Transcribe all data verbatim. Skip the pictures.

* _PROVIDED MATERIAL_:
# # # #

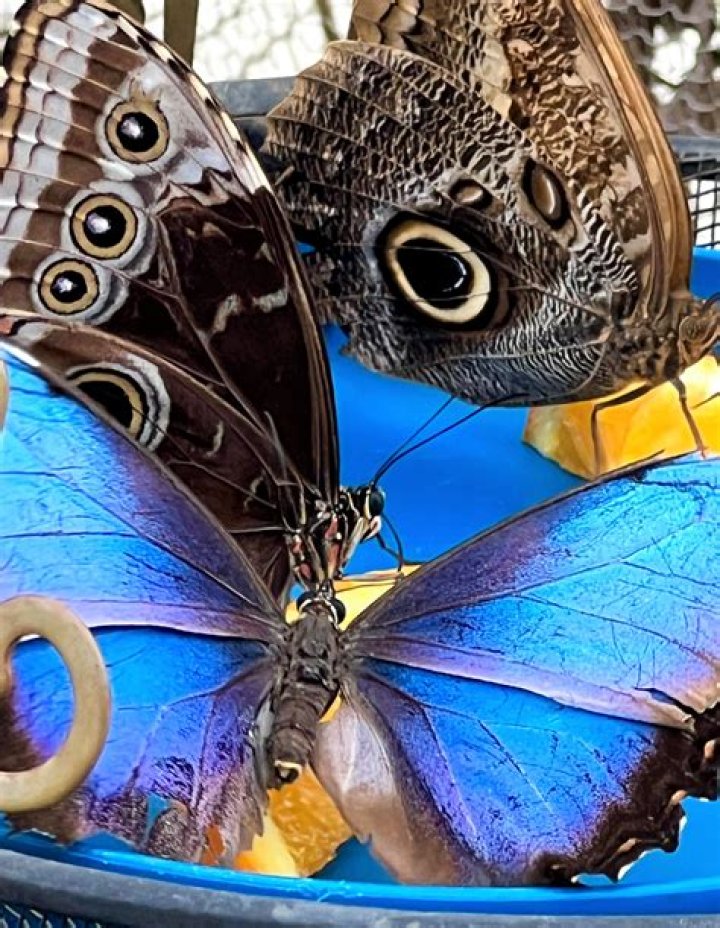 What do butterflies symbolize in France?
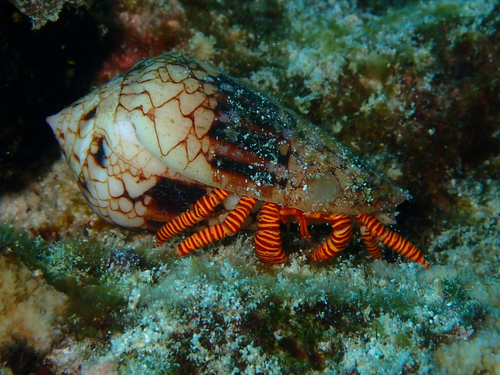 Ciliopagurus strigatus, 2026-05-09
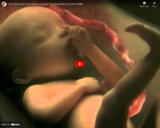 Life in the Womb - 9 months in 4 minutes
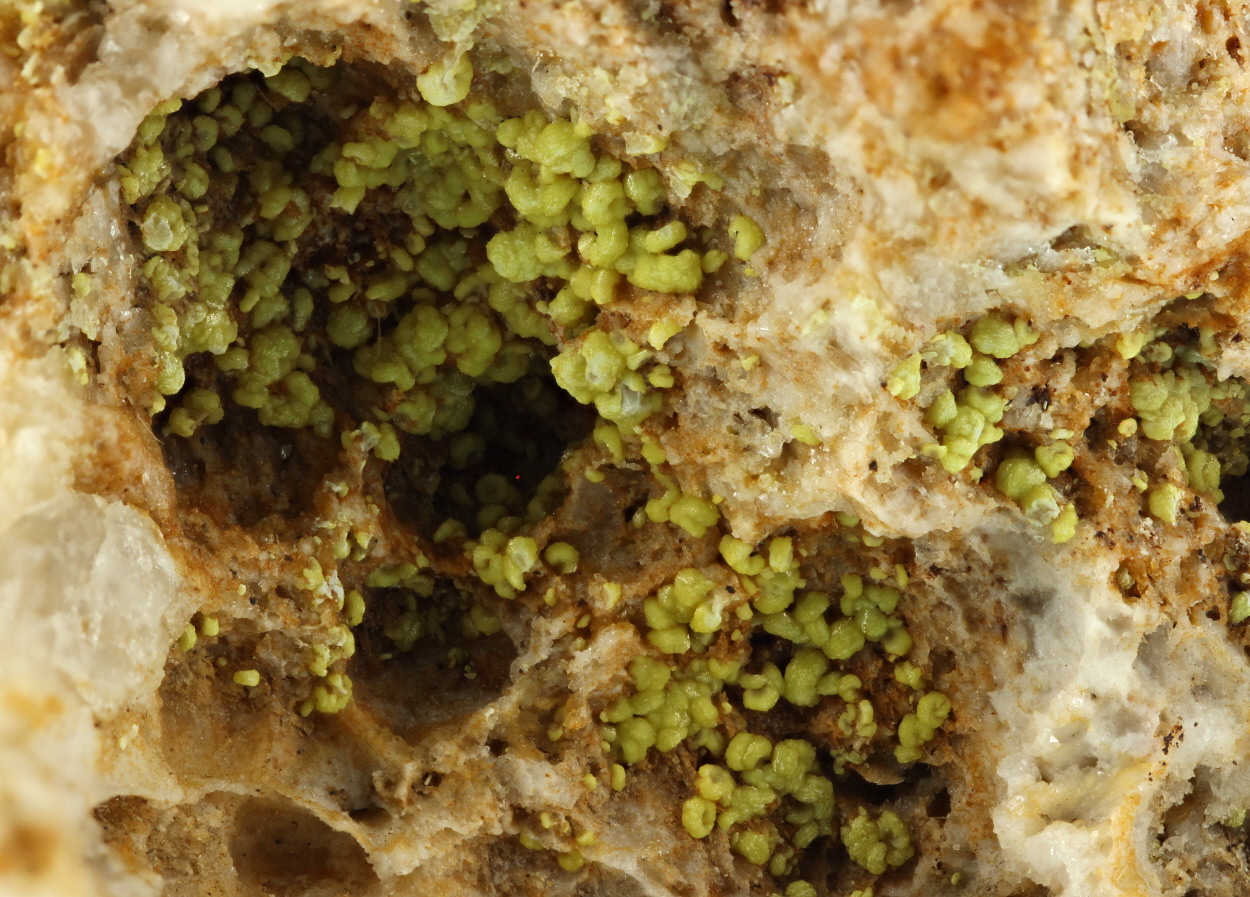 Pyromorphite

# # # #

* _COMPLETED TASK_:
 What do butterflies symbolize in France?
 Ciliopagurus strigatus, 2026-05-09
 Life in the Womb - 9 months in 4 minutes
 Pyromorphite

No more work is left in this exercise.